[Saved entries]
☆ ☆ ☆

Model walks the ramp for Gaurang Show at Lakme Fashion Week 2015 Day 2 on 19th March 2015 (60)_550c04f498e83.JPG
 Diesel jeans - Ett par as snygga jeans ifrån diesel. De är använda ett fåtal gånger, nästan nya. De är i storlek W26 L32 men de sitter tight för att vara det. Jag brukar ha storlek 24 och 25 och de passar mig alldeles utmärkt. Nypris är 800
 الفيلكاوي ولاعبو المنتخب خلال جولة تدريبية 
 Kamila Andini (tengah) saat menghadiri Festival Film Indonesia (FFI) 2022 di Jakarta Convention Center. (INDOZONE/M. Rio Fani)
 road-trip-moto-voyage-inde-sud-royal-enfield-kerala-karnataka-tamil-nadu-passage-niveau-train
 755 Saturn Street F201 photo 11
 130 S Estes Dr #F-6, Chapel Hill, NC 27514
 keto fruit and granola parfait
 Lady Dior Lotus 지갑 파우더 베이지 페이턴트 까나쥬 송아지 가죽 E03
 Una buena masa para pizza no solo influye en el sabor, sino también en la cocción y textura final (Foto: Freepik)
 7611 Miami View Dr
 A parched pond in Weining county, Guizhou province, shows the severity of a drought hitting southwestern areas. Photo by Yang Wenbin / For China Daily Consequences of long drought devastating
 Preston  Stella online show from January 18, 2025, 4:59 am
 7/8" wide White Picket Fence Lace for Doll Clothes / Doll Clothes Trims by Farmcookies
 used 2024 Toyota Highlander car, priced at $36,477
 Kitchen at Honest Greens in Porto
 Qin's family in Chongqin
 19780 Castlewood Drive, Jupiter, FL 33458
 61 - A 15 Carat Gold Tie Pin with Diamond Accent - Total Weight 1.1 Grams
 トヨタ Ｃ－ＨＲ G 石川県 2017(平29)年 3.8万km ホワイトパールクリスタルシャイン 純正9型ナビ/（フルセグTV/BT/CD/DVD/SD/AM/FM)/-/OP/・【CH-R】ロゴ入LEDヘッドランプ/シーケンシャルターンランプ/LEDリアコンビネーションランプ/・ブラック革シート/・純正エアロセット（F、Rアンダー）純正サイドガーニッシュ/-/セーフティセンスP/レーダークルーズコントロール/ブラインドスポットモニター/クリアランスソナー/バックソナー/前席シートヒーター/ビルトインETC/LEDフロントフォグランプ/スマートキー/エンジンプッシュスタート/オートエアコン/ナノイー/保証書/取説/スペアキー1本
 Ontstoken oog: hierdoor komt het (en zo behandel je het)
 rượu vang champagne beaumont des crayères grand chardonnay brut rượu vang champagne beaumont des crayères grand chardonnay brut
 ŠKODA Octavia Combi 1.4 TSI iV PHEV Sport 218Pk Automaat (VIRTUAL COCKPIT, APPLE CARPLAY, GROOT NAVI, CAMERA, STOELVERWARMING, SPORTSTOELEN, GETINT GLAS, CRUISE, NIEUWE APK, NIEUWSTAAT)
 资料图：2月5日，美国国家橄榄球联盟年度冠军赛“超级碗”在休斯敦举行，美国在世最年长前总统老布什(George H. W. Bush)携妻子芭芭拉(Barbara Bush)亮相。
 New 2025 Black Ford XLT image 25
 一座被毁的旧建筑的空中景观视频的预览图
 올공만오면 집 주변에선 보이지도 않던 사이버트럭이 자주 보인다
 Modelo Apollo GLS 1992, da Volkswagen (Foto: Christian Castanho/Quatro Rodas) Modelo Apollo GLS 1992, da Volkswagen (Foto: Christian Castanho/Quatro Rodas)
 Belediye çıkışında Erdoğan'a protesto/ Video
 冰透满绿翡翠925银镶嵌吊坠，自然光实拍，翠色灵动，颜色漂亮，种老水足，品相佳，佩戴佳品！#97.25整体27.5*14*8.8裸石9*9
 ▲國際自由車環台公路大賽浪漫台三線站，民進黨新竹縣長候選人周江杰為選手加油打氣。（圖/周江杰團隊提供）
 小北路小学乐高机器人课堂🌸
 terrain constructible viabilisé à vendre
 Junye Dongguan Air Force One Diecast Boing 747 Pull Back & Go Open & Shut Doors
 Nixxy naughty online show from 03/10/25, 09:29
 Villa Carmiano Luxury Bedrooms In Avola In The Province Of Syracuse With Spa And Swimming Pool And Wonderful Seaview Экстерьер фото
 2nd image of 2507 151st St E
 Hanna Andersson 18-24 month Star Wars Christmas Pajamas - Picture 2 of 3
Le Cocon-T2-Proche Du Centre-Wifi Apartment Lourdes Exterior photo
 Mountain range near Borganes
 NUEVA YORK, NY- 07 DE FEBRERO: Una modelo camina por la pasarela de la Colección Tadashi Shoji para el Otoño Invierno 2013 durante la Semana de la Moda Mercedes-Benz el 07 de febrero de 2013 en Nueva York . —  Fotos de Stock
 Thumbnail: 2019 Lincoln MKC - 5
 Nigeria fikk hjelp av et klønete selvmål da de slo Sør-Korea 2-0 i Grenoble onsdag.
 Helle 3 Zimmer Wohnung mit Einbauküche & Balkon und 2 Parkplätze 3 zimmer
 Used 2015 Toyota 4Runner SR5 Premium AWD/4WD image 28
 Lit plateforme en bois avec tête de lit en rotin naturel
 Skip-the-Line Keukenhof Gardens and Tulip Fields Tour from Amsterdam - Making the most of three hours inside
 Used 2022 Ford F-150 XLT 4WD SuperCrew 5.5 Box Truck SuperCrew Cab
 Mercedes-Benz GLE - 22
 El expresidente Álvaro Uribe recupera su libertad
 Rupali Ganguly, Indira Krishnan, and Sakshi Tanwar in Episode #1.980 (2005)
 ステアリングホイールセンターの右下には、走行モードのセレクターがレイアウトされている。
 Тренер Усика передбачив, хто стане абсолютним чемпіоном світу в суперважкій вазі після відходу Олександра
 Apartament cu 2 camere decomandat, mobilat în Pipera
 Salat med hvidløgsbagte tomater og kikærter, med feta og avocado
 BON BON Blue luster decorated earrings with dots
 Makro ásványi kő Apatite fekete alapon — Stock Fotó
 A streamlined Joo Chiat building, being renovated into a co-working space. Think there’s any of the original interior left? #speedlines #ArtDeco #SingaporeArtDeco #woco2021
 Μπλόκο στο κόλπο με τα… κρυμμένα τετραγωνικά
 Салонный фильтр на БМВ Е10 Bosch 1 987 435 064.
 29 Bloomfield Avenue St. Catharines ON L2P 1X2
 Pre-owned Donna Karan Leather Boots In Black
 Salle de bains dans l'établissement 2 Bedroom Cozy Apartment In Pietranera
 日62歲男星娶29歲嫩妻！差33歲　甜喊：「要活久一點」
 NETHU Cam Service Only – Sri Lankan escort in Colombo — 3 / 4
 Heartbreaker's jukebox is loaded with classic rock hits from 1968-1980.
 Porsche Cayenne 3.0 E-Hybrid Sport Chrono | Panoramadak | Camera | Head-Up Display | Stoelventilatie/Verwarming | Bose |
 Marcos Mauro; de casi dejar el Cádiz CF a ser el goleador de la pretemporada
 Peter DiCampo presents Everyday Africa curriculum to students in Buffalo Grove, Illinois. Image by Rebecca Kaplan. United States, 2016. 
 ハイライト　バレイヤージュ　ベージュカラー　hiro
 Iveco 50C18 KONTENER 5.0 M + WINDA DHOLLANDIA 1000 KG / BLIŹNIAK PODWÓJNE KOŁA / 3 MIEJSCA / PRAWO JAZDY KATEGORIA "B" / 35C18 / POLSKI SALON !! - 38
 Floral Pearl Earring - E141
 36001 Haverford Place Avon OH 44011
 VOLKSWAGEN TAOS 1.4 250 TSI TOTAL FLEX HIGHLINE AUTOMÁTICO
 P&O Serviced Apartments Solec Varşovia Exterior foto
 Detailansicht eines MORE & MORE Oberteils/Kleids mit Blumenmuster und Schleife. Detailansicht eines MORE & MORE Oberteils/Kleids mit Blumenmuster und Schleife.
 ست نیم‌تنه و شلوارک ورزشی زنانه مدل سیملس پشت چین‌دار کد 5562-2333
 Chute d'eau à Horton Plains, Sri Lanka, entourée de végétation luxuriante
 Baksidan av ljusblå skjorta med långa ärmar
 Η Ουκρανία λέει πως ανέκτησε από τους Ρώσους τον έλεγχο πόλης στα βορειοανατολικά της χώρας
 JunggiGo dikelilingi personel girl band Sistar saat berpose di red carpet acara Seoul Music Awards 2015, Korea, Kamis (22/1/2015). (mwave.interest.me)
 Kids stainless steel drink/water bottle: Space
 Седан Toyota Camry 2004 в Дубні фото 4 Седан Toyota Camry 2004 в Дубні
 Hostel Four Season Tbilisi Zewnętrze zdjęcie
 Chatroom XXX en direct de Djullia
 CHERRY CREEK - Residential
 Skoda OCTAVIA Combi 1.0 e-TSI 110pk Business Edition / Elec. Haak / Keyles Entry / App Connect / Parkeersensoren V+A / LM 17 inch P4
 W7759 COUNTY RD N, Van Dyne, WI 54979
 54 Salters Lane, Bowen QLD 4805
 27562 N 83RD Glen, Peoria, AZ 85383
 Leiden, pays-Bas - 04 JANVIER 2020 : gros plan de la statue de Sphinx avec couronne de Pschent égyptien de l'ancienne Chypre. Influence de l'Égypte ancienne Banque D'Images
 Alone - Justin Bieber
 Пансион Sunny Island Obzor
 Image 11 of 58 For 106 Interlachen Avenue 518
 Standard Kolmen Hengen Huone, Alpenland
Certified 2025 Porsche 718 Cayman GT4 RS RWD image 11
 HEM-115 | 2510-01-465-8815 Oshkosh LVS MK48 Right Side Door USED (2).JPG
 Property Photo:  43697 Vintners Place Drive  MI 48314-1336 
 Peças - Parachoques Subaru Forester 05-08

☆ ☆ ☆

Exactly the lines from the one containing "Hostel Four Season Tbilisi Zewnętrze zdjęcie" through the final line of the records above are needed, copied word for word.

 Hostel Four Season Tbilisi Zewnętrze zdjęcie
 Chatroom XXX en direct de Djullia
 CHERRY CREEK - Residential
 Skoda OCTAVIA Combi 1.0 e-TSI 110pk Business Edition / Elec. Haak / Keyles Entry / App Connect / Parkeersensoren V+A / LM 17 inch P4
 W7759 COUNTY RD N, Van Dyne, WI 54979
 54 Salters Lane, Bowen QLD 4805
 27562 N 83RD Glen, Peoria, AZ 85383
 Leiden, pays-Bas - 04 JANVIER 2020 : gros plan de la statue de Sphinx avec couronne de Pschent égyptien de l'ancienne Chypre. Influence de l'Égypte ancienne Banque D'Images
 Alone - Justin Bieber
 Пансион Sunny Island Obzor
 Image 11 of 58 For 106 Interlachen Avenue 518
 Standard Kolmen Hengen Huone, Alpenland
Certified 2025 Porsche 718 Cayman GT4 RS RWD image 11
 HEM-115 | 2510-01-465-8815 Oshkosh LVS MK48 Right Side Door USED (2).JPG
 Property Photo:  43697 Vintners Place Drive  MI 48314-1336 
 Peças - Parachoques Subaru Forester 05-08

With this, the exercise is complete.